The Introduction Stage Of The Product Life Cycle (PLC)

Introduction Stage: Definition, Characteristics, and Strategy

What is Introduction Stage?

The introduction stage is the first stage of the product life cycle (PLC) where the new product first time entered the market, the product may be tangible or intangible. Due to its first time appearance in the market, the demand for the products is very little yet slowly growing.

Though the introduction stage is first, there are pre-stages which are market research and development of the products. Coming to the production and introduction of the product there is a huge cost in this process for a business firm. This stage is assumed more costly than other stages of PLC which are growth, maturity, saturation, and declining due to the need to invest a huge amount in pre-stages.

People (customers) are almost unknown about the products, sellers have to invest more in marketing and promotional activities so that they know the products the seller has for them. Since they are unknown, they might not even think of buying it, and one who is known might afraid of buying the new brand. Thus in this stage, sales are at a very slow pace.

The basic goal of the seller in the introduction stage is to present a new product in the market and as far as possible create demands for that product in the market. However, to achieve this, the product should be new that provide a unique solution to customers and the promotional activities should be informative.

Characteristics of Introduction Stage of PLC

Let’s understand the basic characteristics of the introduction stage of the product life cycle.

The Product is New

The fundamental characteristic of this stage is that the product is new in the market. The product may be innovative, modified, or imitated but it is new to the customers in any way.

No Competition

There is almost no competition at this stage in the market, if the competition exists, it is very small. The new products still have not gotten the desired level of demand. At first, there do not seem opportunities for the competitors. Thus, only one or two dominant companies can stand and create demand for their products.

Slow Increase in Sales

Here, the sales of business firms start from zero level and rise at a slow pace since most the customers are unknown about the new products, and even they know they hesitate to buy a new one thinking they would not comforts they get from a familiar one. Due to this, the firm will not make mass production because of the limited distribution of the products.

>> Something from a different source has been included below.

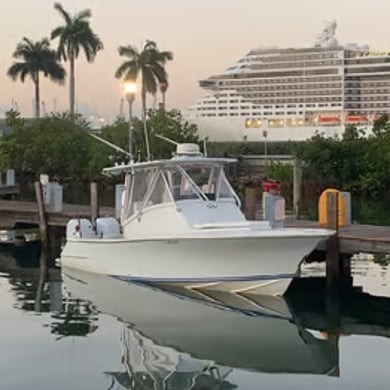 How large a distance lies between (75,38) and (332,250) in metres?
61.9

High Cost and Almost Negative Profit

Firms need to invest a huge amount in product research, market research, product development, and its introduction in the market. Since the new product has not created its own market customers amount is very few, so the sales.

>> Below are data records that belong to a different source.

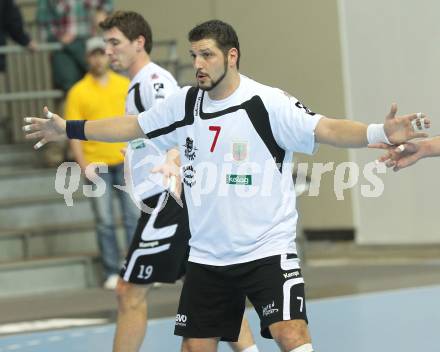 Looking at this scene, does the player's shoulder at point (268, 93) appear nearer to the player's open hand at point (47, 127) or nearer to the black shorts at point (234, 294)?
the black shorts at point (234, 294)

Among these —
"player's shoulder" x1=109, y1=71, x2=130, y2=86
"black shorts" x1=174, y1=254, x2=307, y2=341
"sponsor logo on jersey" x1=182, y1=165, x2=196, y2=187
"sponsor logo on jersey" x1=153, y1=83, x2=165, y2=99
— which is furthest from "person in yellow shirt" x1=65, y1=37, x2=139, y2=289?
"black shorts" x1=174, y1=254, x2=307, y2=341

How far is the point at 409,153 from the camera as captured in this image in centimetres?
553

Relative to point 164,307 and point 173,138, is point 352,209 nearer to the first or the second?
point 164,307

To increment of the sales rate depends upon the newness of the product as well as its desirability. Sometimes, in this stage, the marketer has to bear losses because of high production and marketing costs, limited sales volume, and poor cash flow.

Price is Little Bit High

Usually in this stage, the price of the products is high. This might be because of the high production, marketing, and promotional costs as well as customers also expect the price of new products are always a little bit high. In addition, due to the newness, uniqueness, and innovation of the product.

Promotion is Informative

To create a market for the newly launched product, the marketer has to be aggressively involved in promotional activities. The promotional tools advertising, personal selling, sales promotion, etc. are the effective way to go through.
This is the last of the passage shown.